TASK GOAL => Could you please repeat the entries below word for word, with the images left out?
○ ○ ○ ○ ○
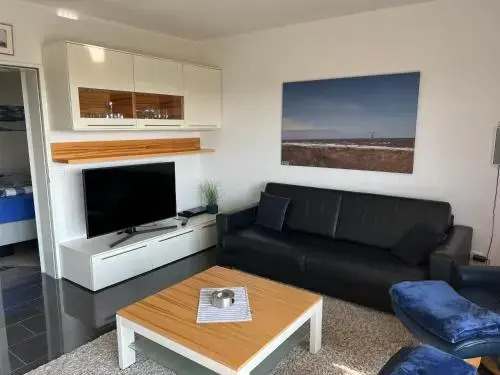 WoogeTraum - Traumwohnung mit Meerblick direkt am Strand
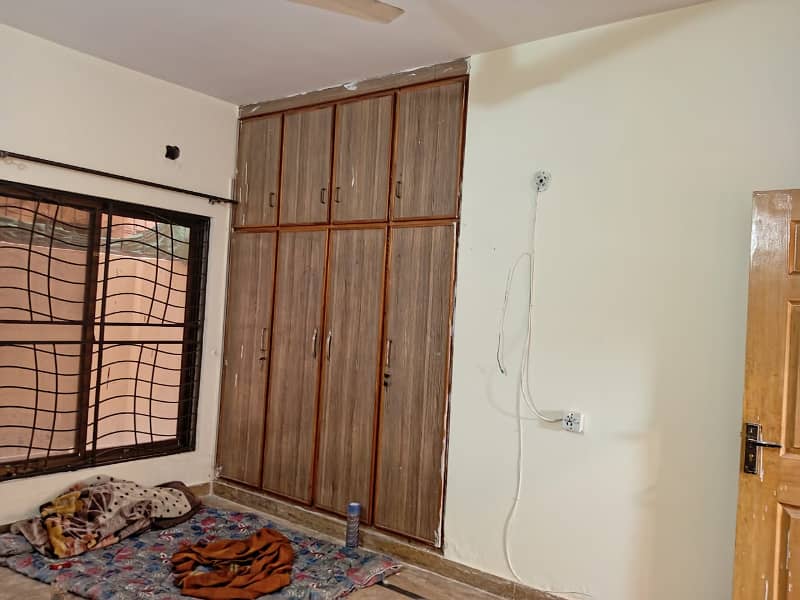 ROOM AVAILABLE FOR RENT IN JOHAR TOWN PHASE 1 F BLOCK ONYL FEMALES. 4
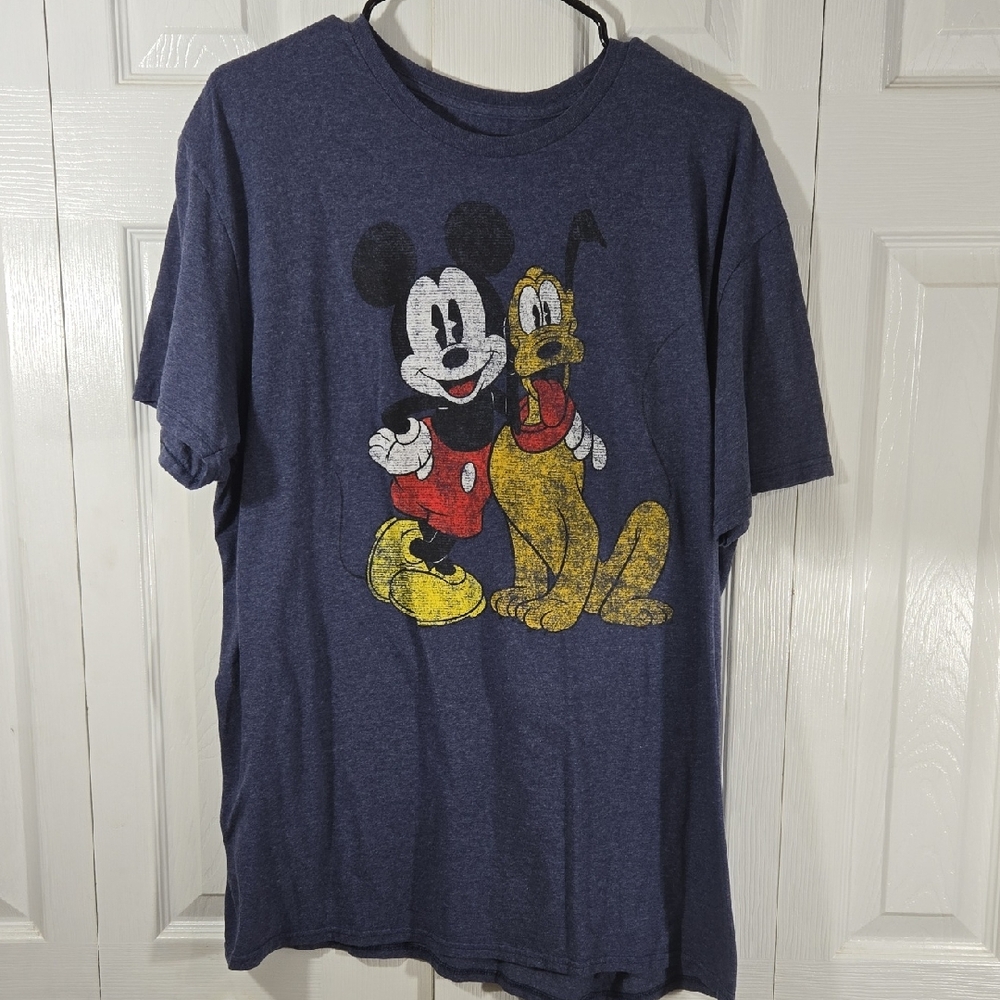 Disney Men XL Navy Tee with Mickey and Pluto
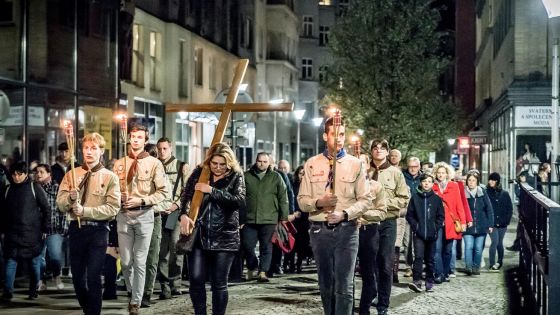 image:Image Cesta vedla od evangelického kostela v Husově sadu ke kostelu sv. Václava.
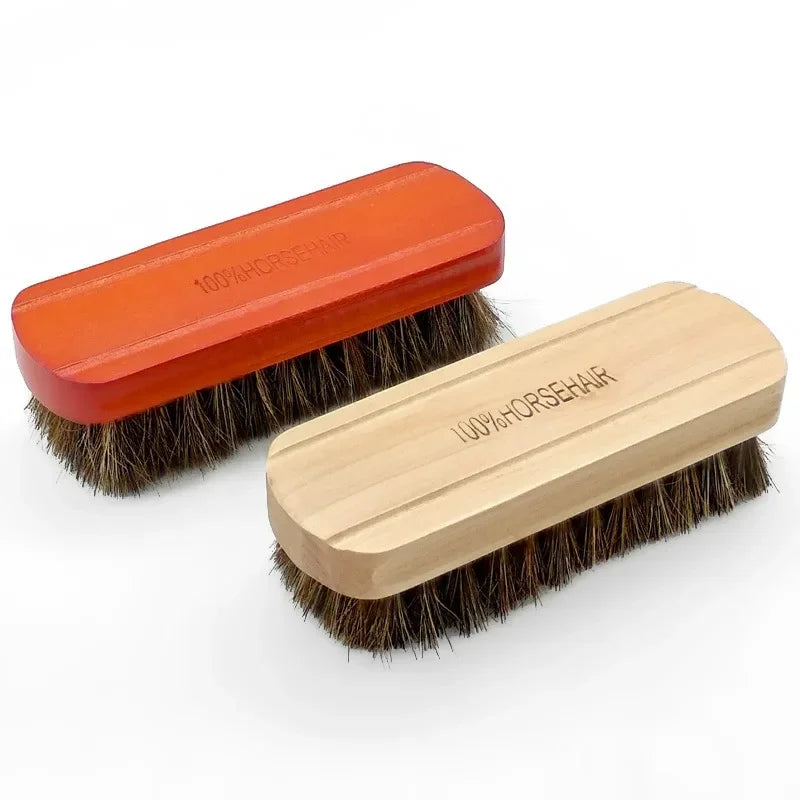 Brosse pour le cuir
○ ○ ○ ○ ○
RESPONSE BOX =>
 WoogeTraum - Traumwohnung mit Meerblick direkt am Strand
 ROOM AVAILABLE FOR RENT IN JOHAR TOWN PHASE 1 F BLOCK ONYL FEMALES. 4
 Disney Men XL Navy Tee with Mickey and Pluto
 image:Image Cesta vedla od evangelického kostela v Husově sadu ke kostelu sv. Václava.
 Brosse pour le cuir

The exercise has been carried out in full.